In Summary: YOU need to adjust the tension to get the desired stitch.  Most tension adjustments can be made with using just the upper tension, but I feel serious sewers should also ask their dealers for instruction on adjusting of the bobbin tension as well.  See the photo at the right for identifying that all-important tension screw on the bobbin case.

Generally: ‘righty = tighty and lefty = loosy’. This screw is really just determining how tight a clamp is pressing on the casing – and therefore the thread. This is especially needed when doing ‘upside-down bobbin work’ where a fat, decorative thread or ribbon is place din the bobbin and the right side of the fabric is placed down against the bed of the sewing machine. For that type of work, get an EXTRA bobbin case and identify it with fingernail polish as the case that you ‘mess with the bobbin tension screw’…ALOT.

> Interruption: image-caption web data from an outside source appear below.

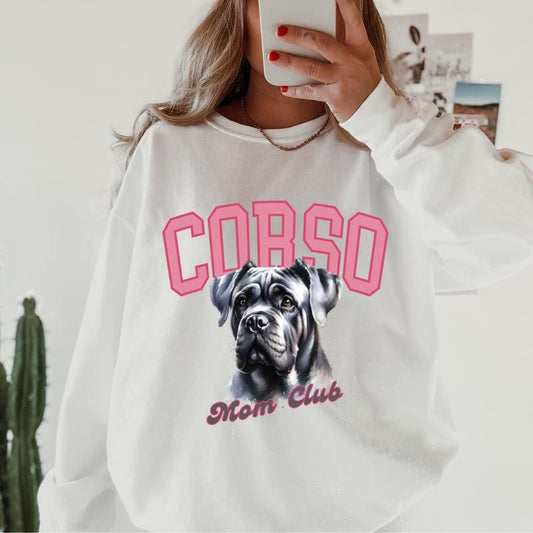 Corso Mom Club Sweatshirt ~ Sweatshirt Unisex Apparel Relaxed Fit Printed in the USA Clothing Womenswear Casual and Comfortable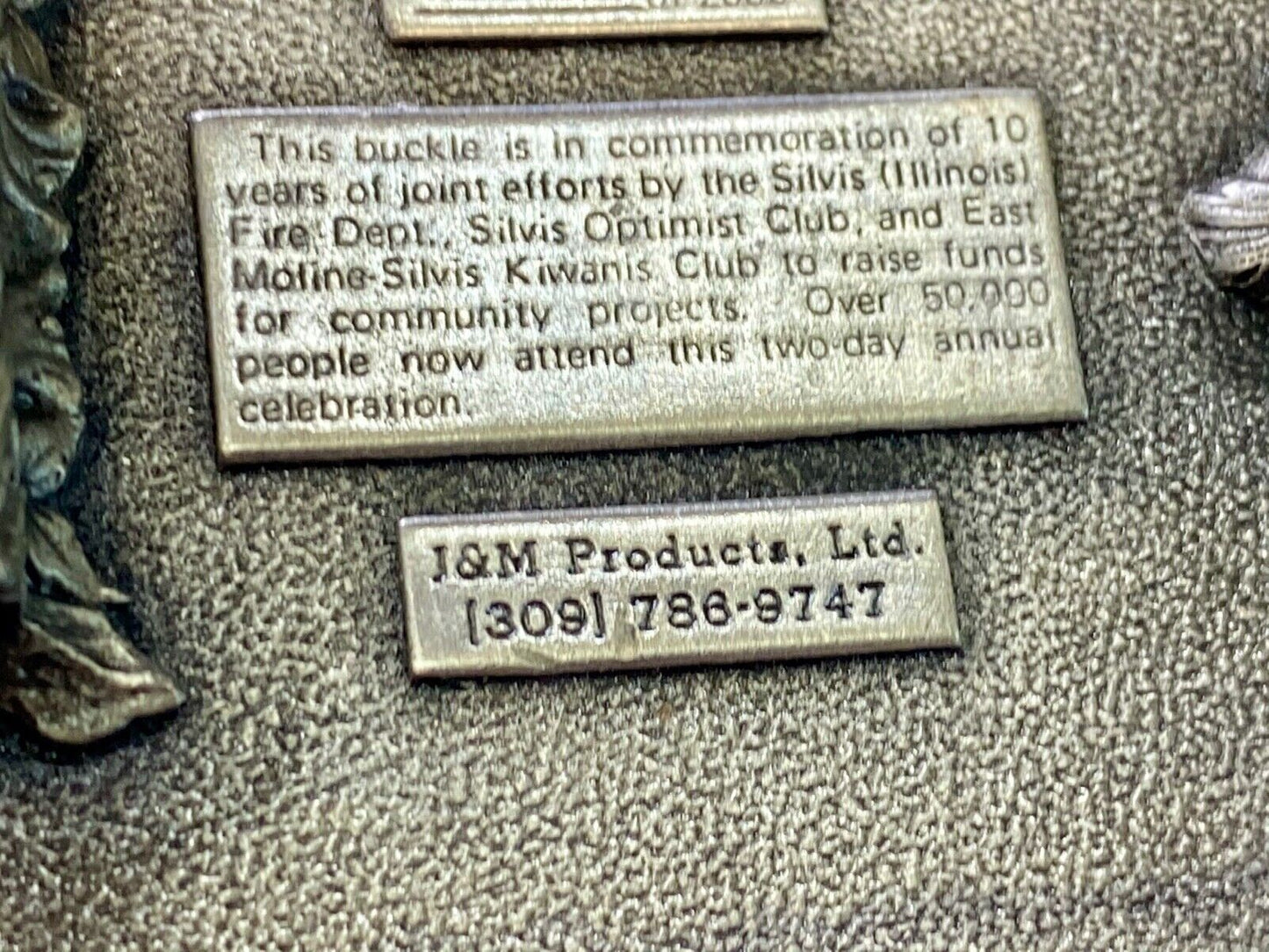 Vintage 1984 10th annual Country music festival SILVIS Illinois belt buckle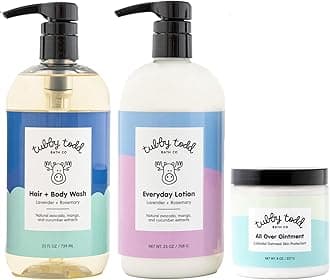 TUBBY TODD 3-Step Baby Bath & Skincare Routine - The Regulars Bundle - Baby Shampoo and Body Wash, Everyday Lotion 25 Oz & All Over Ointment 8 Oz - Lavender Rosemary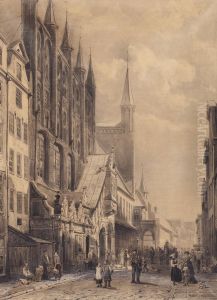 Town Hall in Lubeck by Cornelis Springer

Tension is each and every guide or physical ‘thing’ that adds to the drag on the thread – not JUST the tension discs. Keep this in   mind when  deciding which thread cap to use for horizontal riding thread delivery systems. Match the thread cap to the size of     the spool. If you use too  large of a cap on a smaller spool, the tension will be INCREASED by the thread dragging on that larger   thread cap.

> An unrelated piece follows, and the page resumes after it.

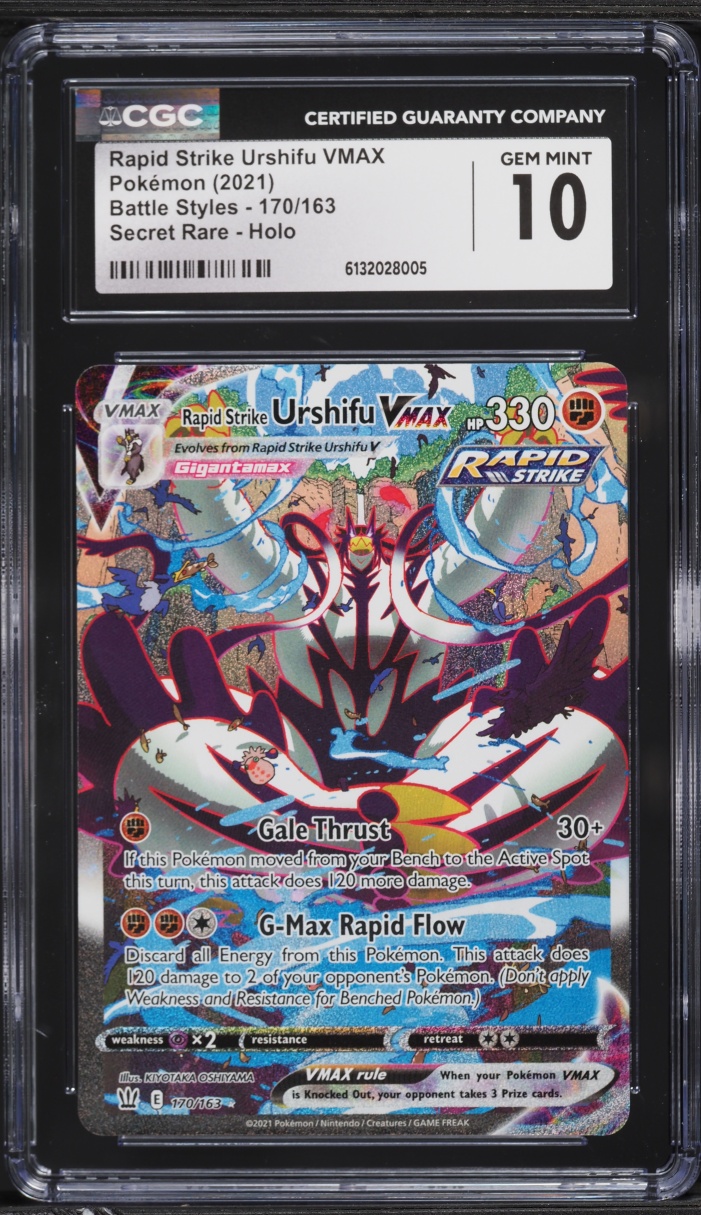 2021 Pokemon Sword & Shield Battle Styles Rapid Strike Urshifu VMAX #170 CGC 10 GEM MINT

An additional fact that many do not know regarding thread delivery systems that I learned from Bob Purcell of Superior Threads: Parallel wound spools such as Coats n’ Clark as in the photo at the left on the right behind the large spool cap should NEVER be used in a horizontal delivery system, as that will add an extra twist to the thread. ALWAYS put that type of spool on a VERTICAL spool pin!!! Cross-wound spools like Metrosene as in the photo at the left, can be used either in vertical OR horizontal positions.

Handling Technique

The final crucial element of successful sewing is an awareness of the effect of grain and fabric handling techniques as you actually stitch a seam.  The keyword is TAUT.  Not stretched, but TAUT.  Your left hand always belongs behind the presser foot and your right hand in front of the presser foot, creating a taut surface for stitching in order to have a nice seam.  This is emphatically true especially on straight grain seams.  Without taut technique, a seam that is straight grain will inevitably pucker – even with the best thread, proper needle, and the most expensive sewing machine!  Why?  Because straight grain, vertical, lengthwise warp yarns in a fabric are stronger and have no ‘give’.  Prove this to yourself:  take a piece of firmly woven muslin, broadcloth, etc. and without any taut technique, just stitch with a balanced tension, stitch length of normal 2.5 (10 to 12 stitches per inch).  Then pivot 90 degrees and stitch.  The lengthwise grain (warp) will be the stitching that is puckering the fabric.  The crosswise grain(weft) will be the nicer0looking stitching line.  This is because the cross grain (weft) threads have some ‘give’ that stretches ever so slightly and creates a better looking seam.  I show this at a video at my You-Tube Channel:

I do hope this information will prove helpful to sewers of all levels.  I know that I never stop learning!  Experts (who I’m proud to call friends) along the way to whom I owe the most for the above understanding and techniques include:  April Dunn, Carol Ahles, and Gale Grigg Hazen and Bob Purcell at Superior threads.    Always read anything by these folks that you can get your hands on! Bob has many great videos at You-Tube. To them and many others for teaching and sharing, I am ‘sew’ thankful.  If I can become one of those teachers for you, I would be honored.  Now – let your sewing machine know who is the Boss, and go forth and sew!